I posted a picture of some walnut limb wood in another thread a couple days ago I had on my computer http://www.woodworkingtalk.com/f26/cutting-storing-walnut-tree-7194/ ...then it dawned on me I had forgot I had that wood :huh:. I went and dug it out yesterday and made this little bench. (still using a junk camera, sorry)

The legs are simple, the ones under the crotch flair are wider than the ones on the other end. The stretcher is just 1/2 lapped in. I was going to put feet on them but anything I came up with looked out of place to me. It sits very stable, I am going to leave it as is.


----------



## Daren (Oct 14, 2006)

I wish my camera was working better :furious:. I tried one last time to get a shot of the figure.


----------



## Terry Beeson (May 29, 2008)

Maybe this will help....


----------



## Treeman (Dec 17, 2008)

I think you captured the character of the wood nicely.


----------



## JP Sinclair (Nov 13, 2006)

Good stuff - It always looks better in person. Especially if it was sitting in my living room....


----------



## Ohio Ron (Dec 22, 2007)

Very nice. More that that, very special. I always look at every piece of firewood. I have found some very special pieces. Spalted Apple, spalted Box Elder and some others that I have not idea what they were. I have even found a small log with a real 5 point star in the center of the wood.

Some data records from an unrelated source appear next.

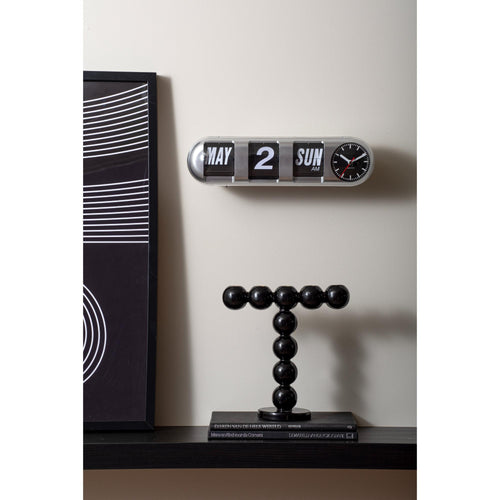 Karlsson wandklok Tube Flip - zilver - 38x10x13.5cm - vtwonen shop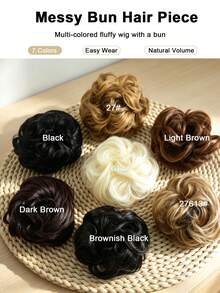 2 Packs Messy Curly Synthetic Hair Bun Scrunchies, 6 Inch Elastic Fake Donut Hair Rings, Fluffy Voluminous Hair Pieces For Women, Quick Double Buns Look For Daily Halloween Party - Multicolor - View 8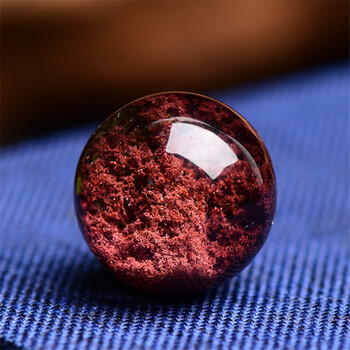 轩野天然红幽灵散珠圆珠半聚宝盆单珠多宝水晶手串星月菩提配饰精品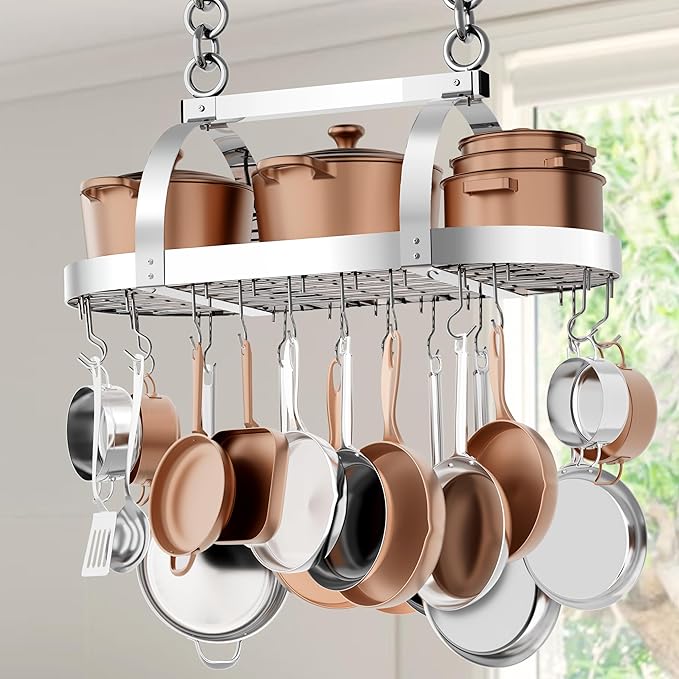 KES 34 Inch Heavy Duty Chrome Hanging Pot Rack Ceiling Mount, Oval Pot and Pan Hanging Rack, Pan Hanger for Kitchen Storage Organizer with 20 S Hooks (For 16" and 24" Ceiling Joist), KUR221S85-CH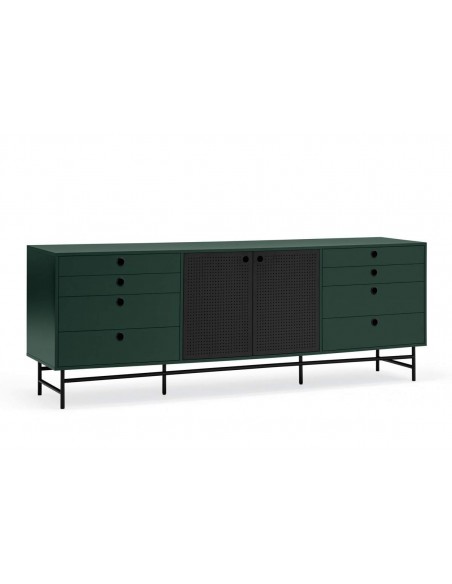 TEULAT APARADOR PUNTO 210x47, DM lacado verde y metal negro
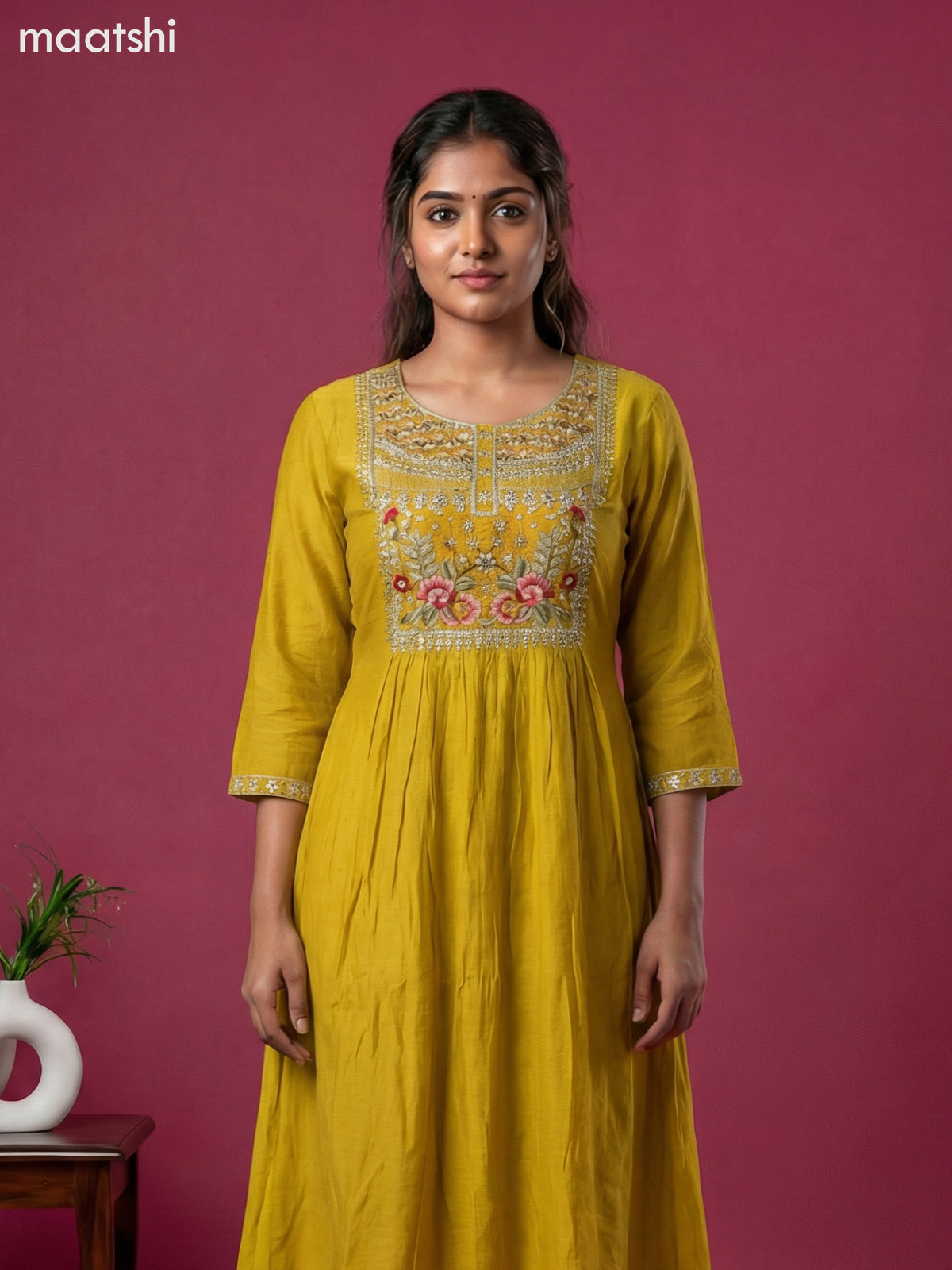 Mustard Yellow Mul Chanderi Embroidery Work Anarkali Suit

Firewood is a very good source of great wood projects. I seal them with anchor seal and allow them to dry first. I have made many things out of spalted wood and you can see them on my web site.


----------



## Daren (Oct 14, 2006)

Yea, I like spalted. I milled this spalted white oak a couple months ago. http://www.woodworkingtalk.com/f26/todays-load-6426/


----------



## JP Sinclair (Nov 13, 2006)

Nice stuff buddy - What is the dimension of that top?. That could make a cool bar stool seat or a clock face


----------



## steck (May 7, 2008)

that is a nice piece. i love the figuring.

how did you join the legs to the top ?


----------



## Daren (Oct 14, 2006)

steck said:


> how did you join the legs to the top ?


I took a piece of walnut 1" thick X 3" wide and attached it across the full width of the legs (countersunk screws and glue, 2 screws per leg). Flipped the top over and just glued and screwed the whole deal to the bottom of the top.


----------